The company was engaging with "financial institutions in China" to secure funding for one phase of the $6.2 billion, Sonangol's CEO Sebastiao Gaspar Martins told a news briefing.
"The next phase is estimated at $4.8 billion, and we are contacting Chinese institutions with the support of the contractor, who is also Chinese, in order to obtain this financing," he said.
Martins did not say which financial institutions Sonangol was talking to but the finance ministry said last month the loan could come from China Development Bank, without providing more details.
A team from Sonangol will visit Beijing for meetings with Chinese financial institutions in April. The terms of the financing do not envisage the use of oil as collateral, the company said.

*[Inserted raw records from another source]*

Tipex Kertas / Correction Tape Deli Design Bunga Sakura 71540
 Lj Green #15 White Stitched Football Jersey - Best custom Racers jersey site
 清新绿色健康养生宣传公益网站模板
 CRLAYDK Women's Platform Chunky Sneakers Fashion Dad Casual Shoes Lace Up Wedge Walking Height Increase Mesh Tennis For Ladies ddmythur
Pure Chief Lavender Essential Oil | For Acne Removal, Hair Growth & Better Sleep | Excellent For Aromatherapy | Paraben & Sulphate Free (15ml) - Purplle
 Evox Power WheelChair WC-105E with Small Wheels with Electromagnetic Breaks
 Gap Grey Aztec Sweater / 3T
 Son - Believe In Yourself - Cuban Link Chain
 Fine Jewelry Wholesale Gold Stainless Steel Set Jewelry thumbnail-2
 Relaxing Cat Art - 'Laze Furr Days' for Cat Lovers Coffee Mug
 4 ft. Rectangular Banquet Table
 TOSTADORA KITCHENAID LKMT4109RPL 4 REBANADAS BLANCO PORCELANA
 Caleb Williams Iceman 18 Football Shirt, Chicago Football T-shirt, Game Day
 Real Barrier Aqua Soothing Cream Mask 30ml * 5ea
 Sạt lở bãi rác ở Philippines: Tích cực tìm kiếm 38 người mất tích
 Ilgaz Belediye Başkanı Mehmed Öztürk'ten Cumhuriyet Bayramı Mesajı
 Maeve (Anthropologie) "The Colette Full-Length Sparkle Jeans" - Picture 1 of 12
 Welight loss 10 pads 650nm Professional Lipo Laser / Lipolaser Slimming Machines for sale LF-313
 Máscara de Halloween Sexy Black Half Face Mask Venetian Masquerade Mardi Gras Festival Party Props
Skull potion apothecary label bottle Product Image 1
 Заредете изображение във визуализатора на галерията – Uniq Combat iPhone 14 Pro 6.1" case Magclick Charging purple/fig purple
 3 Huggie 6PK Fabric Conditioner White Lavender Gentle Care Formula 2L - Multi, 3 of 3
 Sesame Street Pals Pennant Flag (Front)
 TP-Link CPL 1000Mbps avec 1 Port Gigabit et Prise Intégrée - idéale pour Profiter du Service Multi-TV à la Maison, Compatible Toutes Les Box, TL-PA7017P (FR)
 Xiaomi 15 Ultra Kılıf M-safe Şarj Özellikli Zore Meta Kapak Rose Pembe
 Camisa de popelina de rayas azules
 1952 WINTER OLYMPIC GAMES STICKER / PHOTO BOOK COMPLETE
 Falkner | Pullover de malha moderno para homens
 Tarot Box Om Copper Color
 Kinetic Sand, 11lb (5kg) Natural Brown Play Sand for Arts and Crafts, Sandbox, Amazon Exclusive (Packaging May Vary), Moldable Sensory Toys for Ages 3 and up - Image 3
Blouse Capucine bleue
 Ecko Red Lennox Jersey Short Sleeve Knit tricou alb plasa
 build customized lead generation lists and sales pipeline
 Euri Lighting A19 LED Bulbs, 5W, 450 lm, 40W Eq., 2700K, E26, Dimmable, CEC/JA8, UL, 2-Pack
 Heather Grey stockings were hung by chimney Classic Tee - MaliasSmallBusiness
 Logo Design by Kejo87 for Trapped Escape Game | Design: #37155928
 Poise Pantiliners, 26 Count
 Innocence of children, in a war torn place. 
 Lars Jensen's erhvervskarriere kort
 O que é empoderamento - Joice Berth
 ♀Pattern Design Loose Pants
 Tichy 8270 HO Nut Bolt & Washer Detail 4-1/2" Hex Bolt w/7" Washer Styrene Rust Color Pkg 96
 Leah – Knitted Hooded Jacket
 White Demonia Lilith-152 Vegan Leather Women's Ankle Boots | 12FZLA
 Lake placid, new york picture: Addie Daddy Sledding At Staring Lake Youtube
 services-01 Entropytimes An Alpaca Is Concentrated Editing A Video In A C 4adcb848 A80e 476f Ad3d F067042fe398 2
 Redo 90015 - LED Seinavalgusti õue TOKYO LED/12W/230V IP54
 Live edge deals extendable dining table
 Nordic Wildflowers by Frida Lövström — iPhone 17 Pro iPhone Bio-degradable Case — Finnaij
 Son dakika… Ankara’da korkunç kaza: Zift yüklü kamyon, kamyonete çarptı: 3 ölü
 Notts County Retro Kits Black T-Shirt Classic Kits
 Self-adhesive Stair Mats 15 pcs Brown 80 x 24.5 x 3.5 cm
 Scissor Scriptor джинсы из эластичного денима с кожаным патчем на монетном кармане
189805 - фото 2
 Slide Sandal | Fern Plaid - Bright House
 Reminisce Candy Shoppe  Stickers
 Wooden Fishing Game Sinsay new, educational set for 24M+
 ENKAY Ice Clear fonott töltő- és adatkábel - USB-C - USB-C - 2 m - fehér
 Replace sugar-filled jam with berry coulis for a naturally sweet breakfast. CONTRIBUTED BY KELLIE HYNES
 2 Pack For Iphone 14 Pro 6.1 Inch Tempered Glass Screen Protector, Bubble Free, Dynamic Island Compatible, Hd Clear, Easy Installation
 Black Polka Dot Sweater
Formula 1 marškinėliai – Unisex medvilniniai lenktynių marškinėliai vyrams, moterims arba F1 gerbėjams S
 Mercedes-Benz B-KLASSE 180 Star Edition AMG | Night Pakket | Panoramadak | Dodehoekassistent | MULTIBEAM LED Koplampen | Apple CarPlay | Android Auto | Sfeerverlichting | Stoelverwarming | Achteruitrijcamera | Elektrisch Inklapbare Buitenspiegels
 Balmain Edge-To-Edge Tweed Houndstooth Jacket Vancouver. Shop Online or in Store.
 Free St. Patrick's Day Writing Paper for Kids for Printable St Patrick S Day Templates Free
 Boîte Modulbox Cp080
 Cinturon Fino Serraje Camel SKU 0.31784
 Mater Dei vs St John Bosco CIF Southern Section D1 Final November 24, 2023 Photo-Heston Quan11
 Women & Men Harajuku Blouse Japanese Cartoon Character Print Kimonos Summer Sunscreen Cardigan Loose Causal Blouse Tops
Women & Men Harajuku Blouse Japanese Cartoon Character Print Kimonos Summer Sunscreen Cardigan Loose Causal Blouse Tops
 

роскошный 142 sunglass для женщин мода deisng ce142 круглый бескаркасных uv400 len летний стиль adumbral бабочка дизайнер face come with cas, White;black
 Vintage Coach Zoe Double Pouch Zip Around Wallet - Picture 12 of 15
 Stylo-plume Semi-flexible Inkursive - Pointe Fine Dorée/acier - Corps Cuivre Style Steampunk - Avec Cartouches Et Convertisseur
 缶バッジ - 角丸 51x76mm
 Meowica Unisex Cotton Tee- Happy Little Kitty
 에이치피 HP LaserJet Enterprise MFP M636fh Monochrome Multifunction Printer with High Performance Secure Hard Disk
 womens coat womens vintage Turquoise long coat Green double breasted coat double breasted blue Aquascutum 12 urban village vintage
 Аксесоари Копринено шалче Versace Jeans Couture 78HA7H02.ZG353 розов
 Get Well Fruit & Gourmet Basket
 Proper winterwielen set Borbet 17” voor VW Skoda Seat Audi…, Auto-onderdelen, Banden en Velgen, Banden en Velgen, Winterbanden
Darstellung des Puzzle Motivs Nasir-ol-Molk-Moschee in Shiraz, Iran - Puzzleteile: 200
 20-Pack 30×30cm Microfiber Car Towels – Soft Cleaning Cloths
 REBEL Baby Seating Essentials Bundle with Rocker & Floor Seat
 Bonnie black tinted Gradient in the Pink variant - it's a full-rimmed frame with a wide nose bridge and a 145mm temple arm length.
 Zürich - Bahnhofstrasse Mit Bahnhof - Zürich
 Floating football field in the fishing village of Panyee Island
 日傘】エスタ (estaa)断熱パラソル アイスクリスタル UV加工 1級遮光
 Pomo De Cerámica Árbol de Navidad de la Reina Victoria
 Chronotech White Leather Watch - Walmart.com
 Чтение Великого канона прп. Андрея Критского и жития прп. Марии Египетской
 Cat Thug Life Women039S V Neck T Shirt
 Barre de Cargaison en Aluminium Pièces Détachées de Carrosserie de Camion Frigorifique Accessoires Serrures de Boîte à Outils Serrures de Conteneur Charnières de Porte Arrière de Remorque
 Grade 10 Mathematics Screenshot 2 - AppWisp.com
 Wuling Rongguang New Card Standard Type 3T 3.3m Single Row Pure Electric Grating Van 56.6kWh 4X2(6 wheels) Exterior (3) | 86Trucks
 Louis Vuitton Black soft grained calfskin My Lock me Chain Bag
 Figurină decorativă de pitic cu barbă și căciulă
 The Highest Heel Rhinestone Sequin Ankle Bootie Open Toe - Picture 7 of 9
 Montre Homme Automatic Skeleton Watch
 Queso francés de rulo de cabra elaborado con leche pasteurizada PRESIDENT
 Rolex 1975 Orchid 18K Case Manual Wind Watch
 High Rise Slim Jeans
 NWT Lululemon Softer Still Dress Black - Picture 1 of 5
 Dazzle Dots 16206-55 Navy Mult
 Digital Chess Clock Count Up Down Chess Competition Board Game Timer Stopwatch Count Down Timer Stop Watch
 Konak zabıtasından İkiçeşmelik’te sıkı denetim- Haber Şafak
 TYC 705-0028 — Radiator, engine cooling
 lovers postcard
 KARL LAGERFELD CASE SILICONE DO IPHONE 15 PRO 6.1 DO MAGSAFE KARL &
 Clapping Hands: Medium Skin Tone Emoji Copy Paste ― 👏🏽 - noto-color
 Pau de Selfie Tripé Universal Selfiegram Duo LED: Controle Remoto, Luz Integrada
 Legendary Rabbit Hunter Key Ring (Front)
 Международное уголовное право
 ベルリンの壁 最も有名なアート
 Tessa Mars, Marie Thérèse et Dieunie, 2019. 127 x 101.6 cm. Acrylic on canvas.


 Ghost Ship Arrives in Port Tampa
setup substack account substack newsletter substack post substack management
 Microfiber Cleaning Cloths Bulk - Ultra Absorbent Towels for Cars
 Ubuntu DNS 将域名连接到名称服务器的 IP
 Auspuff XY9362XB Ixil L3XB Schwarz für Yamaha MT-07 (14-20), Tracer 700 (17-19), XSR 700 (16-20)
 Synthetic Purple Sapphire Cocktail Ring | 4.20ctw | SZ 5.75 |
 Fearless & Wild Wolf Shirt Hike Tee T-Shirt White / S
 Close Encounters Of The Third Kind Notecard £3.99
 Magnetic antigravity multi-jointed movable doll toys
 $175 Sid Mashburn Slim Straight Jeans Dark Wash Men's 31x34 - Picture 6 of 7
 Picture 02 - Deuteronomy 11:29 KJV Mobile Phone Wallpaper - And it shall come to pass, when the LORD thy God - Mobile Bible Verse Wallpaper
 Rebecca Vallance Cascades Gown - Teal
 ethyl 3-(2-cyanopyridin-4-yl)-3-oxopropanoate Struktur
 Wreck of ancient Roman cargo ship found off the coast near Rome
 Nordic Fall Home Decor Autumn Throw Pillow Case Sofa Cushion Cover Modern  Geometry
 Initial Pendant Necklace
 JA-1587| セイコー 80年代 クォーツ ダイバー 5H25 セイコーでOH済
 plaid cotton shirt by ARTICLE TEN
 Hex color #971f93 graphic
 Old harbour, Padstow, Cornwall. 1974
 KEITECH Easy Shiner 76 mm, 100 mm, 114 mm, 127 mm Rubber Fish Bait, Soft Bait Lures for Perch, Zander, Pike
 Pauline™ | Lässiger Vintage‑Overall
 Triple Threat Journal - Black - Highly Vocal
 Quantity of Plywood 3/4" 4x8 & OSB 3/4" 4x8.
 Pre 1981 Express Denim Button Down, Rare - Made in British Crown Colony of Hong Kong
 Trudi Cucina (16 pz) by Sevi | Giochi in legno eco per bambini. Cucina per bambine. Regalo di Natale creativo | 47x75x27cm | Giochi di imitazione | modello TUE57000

Angola's government says the refinery is a "strategic" project, and it is expected to start producing refined petroleum products in December next year.
CHINESE LENDING TO AFRICA HAS FALLEN
Although China was the leading source of credit for African economies in the run-up to 2019, it subsequently started to turn off the cash tap and that trend was accelerated by the COVID pandemic the following year.
The drying up of Chinese funding left projects incomplete, such as a modern railway line in Kenya.
Debt repayments to China by African nations in recent years have outstripped the amount the region gets in new loans, a study by ONE Data, an independent initiative, found last month.
The government in Beijing has defended its partnership with African nations, saying it stands by the continent in all areas including investments and trade.
Angola's shift away from oil-backed loans from China was also informed by a more challenging external environment that has seen volatility in commodity prices, higher interest rates and changing risk perceptions.
The country's stock of oil-backed debt to China fell by almost a quarter to $7.73 billion last year, data from the finance ministry showed, from $10.146 billion at the end of 2024.